Epictetus, Aversion, and the Escape From Cosmic Demand

Libraries are wonderful resources. Several times at my local Barnes & Noble, I’ve scoured the local philosophy section (Shiny new Foucault but no Baudrillard, bleh), looking at the stoics. I’ve read some Seneca, and most of the Meditations, but one wants something a little more systematic, a little more Aristotelian in it’s presentation. The parables of Seneca are fine, but parables obscure as much as they clarify. I’ve almost bought a volume of Epictetus several times, so much so that I convinced myself that I had bought it and couldn’t find it. So it was pleasant to find in the otherwise politics and pop-centered (Trump Bad, Aristotle regurgitated) philosophy section of the branch library a copy of How to be Free.

It’s a fresh translation of Epictetus’ Encheiridion, along with a selection from his Discourses, arranged by a professor emeritus of classics at UC Berkley. The text includes the original Greek on facing pages, in the ancient text as well, which makes it both more authentic, and also less so, as you become convinced that you have no capacity to check the man’s work, unless you speak ancient Attic or Phrygian (Epictetus was from Phrygia, and the Phrygian language survived into the 3rd Century AD, but probably he wrote in Greek. Everyone did).

And it begins well:

Some things in the world are up to us, while others are not. Up to us ar our faculties of judgement, motivation, desire, and aversion – in short, everything that is our own doing. Not up to us are our body and property, our reputations, and our official positions — in short everything that is not of our own doing. Moreover, the things up to us are naturally free, unimpeded, and unconstrained, while the thing snot up to us are powerless, servile, impeded, and not our own.

The Encheiridion, Epictetus, pg. 1

Simple, systematic, and incontrovertibly true, immediately perceptible like Natural Law and the Categorical Imperative. This is the sort of thing I appreciate in classical authorship, beginning with clear concepts and First Principles. This is Philosophy.

And yet, not very far in, we encounter a problem. Perhaps the problem:

So if, among the ‘things contrary to nature”, you restrict aversion to those that are up to you, you will experience none of the things you don’t want, but if you are averse to sickness or death or poverty, you will be miserable.

ibid, pg. 7

The obvious response to this is “Well… yeah…” Greater minds than mine have pointed out the parallels between Stoicism and Buddhism. You would not be far wrong in saying that Stoicism is just Western Buddhism, or Buddhism just Eastern Stoicism. And they both encounter the same problem. Like, it sure would be be easier if all the things in life that were painful were suddenly not painful. And yet, they are. Sickness is the definition of suffering. Poverty means every part of life is harder to bear than it would be otherwise. And death doesn’t stop being an existential trauma just because you kick the can down the road.

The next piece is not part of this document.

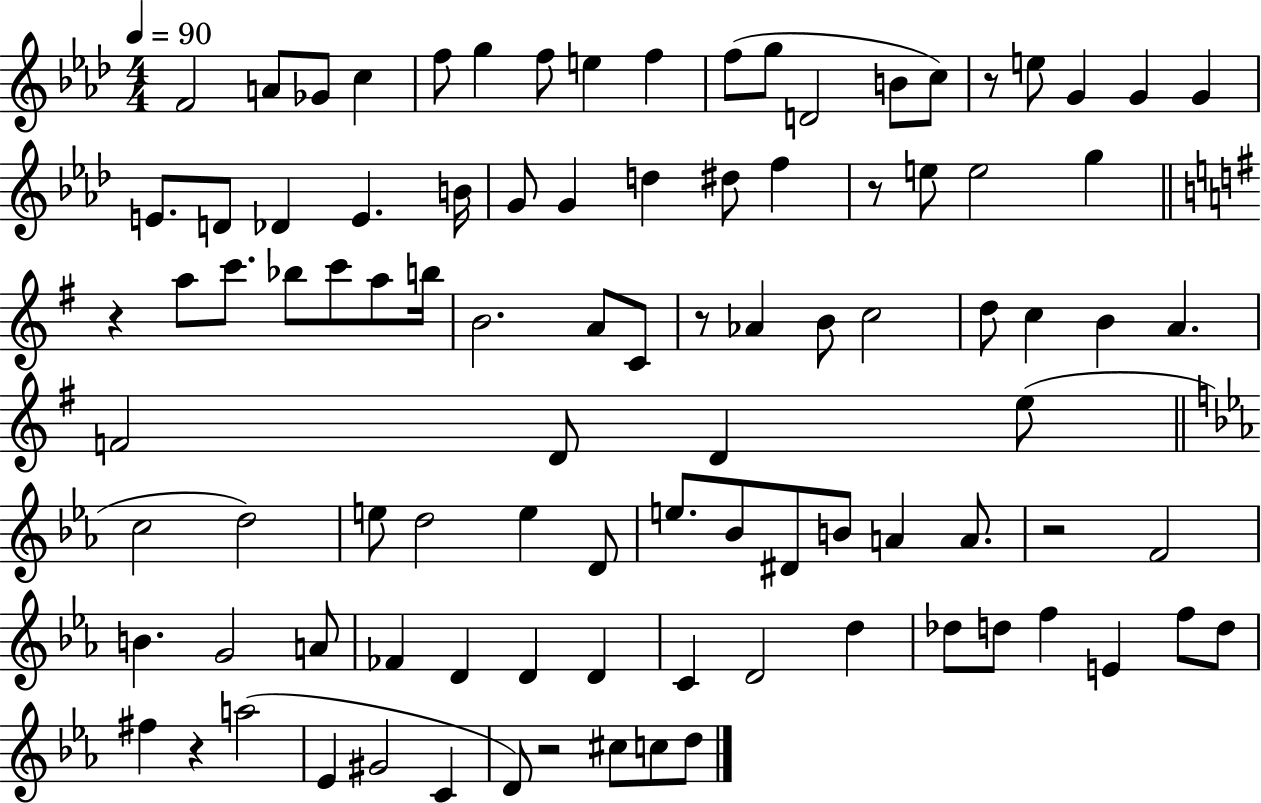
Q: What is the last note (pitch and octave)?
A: D5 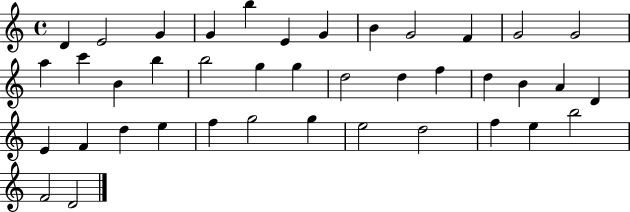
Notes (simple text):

D4/q E4/h G4/q G4/q B5/q E4/q G4/q B4/q G4/h F4/q G4/h G4/h A5/q C6/q B4/q B5/q B5/h G5/q G5/q D5/h D5/q F5/q D5/q B4/q A4/q D4/q E4/q F4/q D5/q E5/q F5/q G5/h G5/q E5/h D5/h F5/q E5/q B5/h F4/h D4/h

It’s enough to erode the Second Noble Truth of Buddhism, the idea that Suffering is Caused by Attachment. No, sometimes Suffering is just Suffering. Ye cannot philosophize with a toothache. Ye may labor to convince thyself that the toothache is nothing, but the toothache rides upon your nervous system in a way your thoughts do not. Thou art dust, and all the rest of it.

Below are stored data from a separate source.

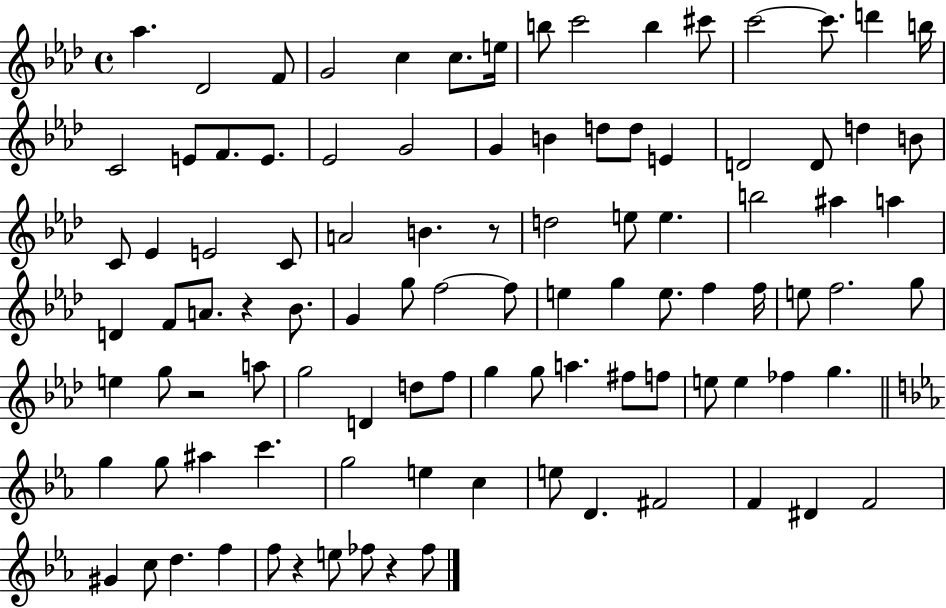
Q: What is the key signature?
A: AES major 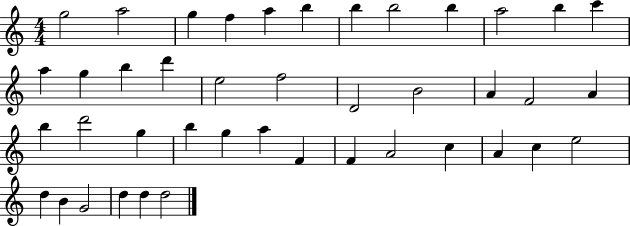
{
  \clef treble
  \numericTimeSignature
  \time 4/4
  \key c \major
  g''2 a''2 | g''4 f''4 a''4 b''4 | b''4 b''2 b''4 | a''2 b''4 c'''4 | \break a''4 g''4 b''4 d'''4 | e''2 f''2 | d'2 b'2 | a'4 f'2 a'4 | \break b''4 d'''2 g''4 | b''4 g''4 a''4 f'4 | f'4 a'2 c''4 | a'4 c''4 e''2 | \break d''4 b'4 g'2 | d''4 d''4 d''2 | \bar "|."
} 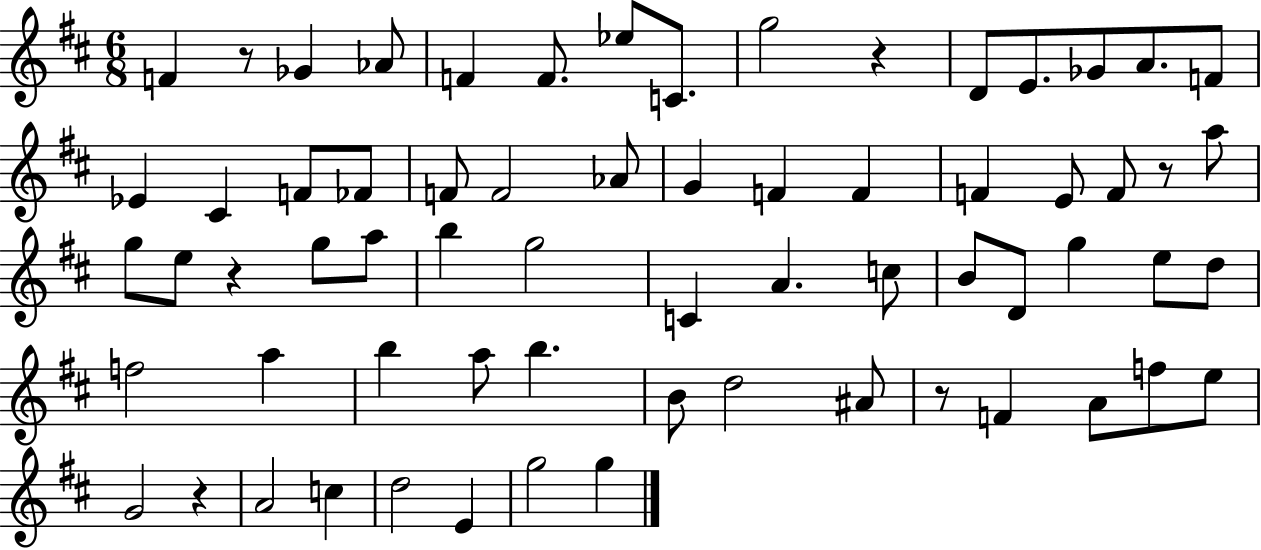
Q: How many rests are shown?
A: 6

This puts one in mind of Nietzsche giving the Stoics both barrels:

O you noble Stoics, what a verbal swindle! Imagine a being like nature – extravagant without limit, indifferent without limit, without purposes and consideration, without pity and justice, simultaneously fruitful, desolate, and unknown – imagine this indifference itself as a power – how could you live in accordance with this indifference? Living – isn’t that precisely a will to be something different from what this nature is? Isn’t living appraising, preferring, being unjust, being limited, wanting to be different?

Friedrich Nietzsche, Beyond Good and Evil

Thus the war between individuality and cosmos. They are connected, yet the one demands that the other submit to it, with no reward. The truths of the stoa thus melt in the sea of the unknown and unknowable.